Copy out again, unchanged, the line that contains "画像4: 【広島ジビエレザー】鹿革＆牛革スタンダード長財布★鹿革の柔らかい手触りを感じさせる　青桐翠 (4)" and every line after it down to the last line of the data.
[[ RECORDS SUPPLIED open ]]
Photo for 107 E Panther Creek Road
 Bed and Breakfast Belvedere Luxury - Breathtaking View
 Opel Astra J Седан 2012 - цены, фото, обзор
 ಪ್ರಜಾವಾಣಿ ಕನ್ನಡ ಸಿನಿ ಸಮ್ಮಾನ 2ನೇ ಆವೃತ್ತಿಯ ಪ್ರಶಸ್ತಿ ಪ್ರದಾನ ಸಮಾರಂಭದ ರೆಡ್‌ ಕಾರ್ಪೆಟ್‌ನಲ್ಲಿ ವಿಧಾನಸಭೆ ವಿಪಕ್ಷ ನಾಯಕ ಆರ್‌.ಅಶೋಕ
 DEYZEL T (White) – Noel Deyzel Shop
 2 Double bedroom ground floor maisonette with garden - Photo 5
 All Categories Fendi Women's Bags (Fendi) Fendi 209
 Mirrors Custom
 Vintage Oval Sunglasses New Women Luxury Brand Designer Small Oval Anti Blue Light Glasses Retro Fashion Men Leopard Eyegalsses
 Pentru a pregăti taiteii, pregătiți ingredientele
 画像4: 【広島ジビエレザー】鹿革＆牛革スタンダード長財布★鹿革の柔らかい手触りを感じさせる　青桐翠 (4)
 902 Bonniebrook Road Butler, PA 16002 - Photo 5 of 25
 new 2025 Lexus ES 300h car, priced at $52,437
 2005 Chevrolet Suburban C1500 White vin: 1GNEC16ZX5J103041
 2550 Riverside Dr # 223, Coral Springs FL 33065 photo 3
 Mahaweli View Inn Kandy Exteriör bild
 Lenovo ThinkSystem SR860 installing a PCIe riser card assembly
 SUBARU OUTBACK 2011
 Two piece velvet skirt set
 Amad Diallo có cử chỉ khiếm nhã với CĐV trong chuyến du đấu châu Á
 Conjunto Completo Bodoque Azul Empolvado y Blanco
[[ RECORDS SUPPLIED closed ]]
• RESULT BELOW
 画像4: 【広島ジビエレザー】鹿革＆牛革スタンダード長財布★鹿革の柔らかい手触りを感じさせる　青桐翠 (4)
 902 Bonniebrook Road Butler, PA 16002 - Photo 5 of 25
 new 2025 Lexus ES 300h car, priced at $52,437
 2005 Chevrolet Suburban C1500 White vin: 1GNEC16ZX5J103041
 2550 Riverside Dr # 223, Coral Springs FL 33065 photo 3
 Mahaweli View Inn Kandy Exteriör bild
 Lenovo ThinkSystem SR860 installing a PCIe riser card assembly
 SUBARU OUTBACK 2011
 Two piece velvet skirt set
 Amad Diallo có cử chỉ khiếm nhã với CĐV trong chuyến du đấu châu Á
 Conjunto Completo Bodoque Azul Empolvado y Blanco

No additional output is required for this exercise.